My understanding of the definition of nCPA security is the following. Suppose that $E : \mathcal M \to \mathcal M$ is a permutation, ie $E(m) \neq E(m')$ for all $m \neq m'$. Suppose also that $\pi$ is a permutation chosen uniformly at random.

The adversary $A$ is then given an oracle, which is either $E$ or $\pi$ -- but she does not know which; her aim is to find out which one it is. She is allowed to ask $q$ queries of her oracle, and then must make her decision as to which she thinks it is. (This is non-adaptive, in the sense that she must decide in advance which questions to ask.)

The nCPA advantage of $A$ is then defined as $$ \bigl| P(A \text{ says } E \mid E) - P(A \text{ says } E \mid \pi) \bigr|.$$ (Note that this is the same as replacing "$\text{says } E$" by "$\text{says } \pi$", the probabilities sum to 1.) This part I may not be understanding correctly.

For two distributions $\mu$ and $\nu$ on a space $\Omega$, the total variation distance is defined as $$ \| \mu - \nu \| = \max_{A \subseteq \Omega} \bigl\| \mu(A) - \nu(A) \bigr\|. $$

In a related paper "Morris, Rogaway, Stegers; How to Encipher Messages on a Small Domain", the authors say

Total variation distance is identical to the advantage with repsect to a (deterministic) nCPA (non-adaptive, chosen-plaintext attack).

I sort of see why this might be the case, but not exactly. (There is no proof given, just the statement.)


My main source of confusion, though, is the following.

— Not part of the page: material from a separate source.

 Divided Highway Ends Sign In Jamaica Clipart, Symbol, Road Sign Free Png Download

In both the aforementioned papers, an enciphering scheme is given. Let's consider the first paper, for concreteness. This requires random integers $K_1, ..., K_r$ from $\{1,...,N\}$ and random bits $\{b_{i,j} \mid i = 1,...,r, \, j = 1,...,N/2\}$. Here $r$ is order $\log N$.

One of the advantages, though, is that in order to encrypt some $m \in \mathcal M = \{1,...,N\}$, one only needs to know the keys $K_1, ..., K_r$ and $r$ of the bits. However, if one wishes to generate the whole permutation $E$, the entire key is required.

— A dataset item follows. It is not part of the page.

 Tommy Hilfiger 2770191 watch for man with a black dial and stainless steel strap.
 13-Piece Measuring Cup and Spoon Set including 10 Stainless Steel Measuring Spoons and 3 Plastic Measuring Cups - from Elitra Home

It seems to me that one could just draw a uniform permutation naively: draw $\pi_1 \sim U(\{1,...,N\})$, then $\pi_2 \sim U(\{1,...,n\}\setminus\{\pi_1\})$, and so on. This takes time order $N$ (by Fisher-Yates); each round of the algorithm draws $N/2$ independent uniform bits, which I presume takes time order $N$. So if one wants the whole permutation, just draw it uniformly, rather than using an approximate method.

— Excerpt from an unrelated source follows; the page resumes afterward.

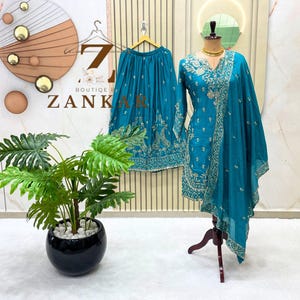 Beautiful Chinnon Silk Kurta Palazzo set Pakistani Designer Ethnic Wear 3 Pcs Set gharara suit With Heavy Sequins Embroidered Salwar suit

Alternatively, one wishes to just encrypt one, or a small number, of messages. Then just draw this part of the cipher. After all, one could just use the random integers $K_1, ..., K_r$. (Since $r \asymp \log n \ll \sqrt n$, with high probability all the $K_i$ will be different.)


Can someone explain to me what the purpose of a cipher, such as those described in the two linked papers, is?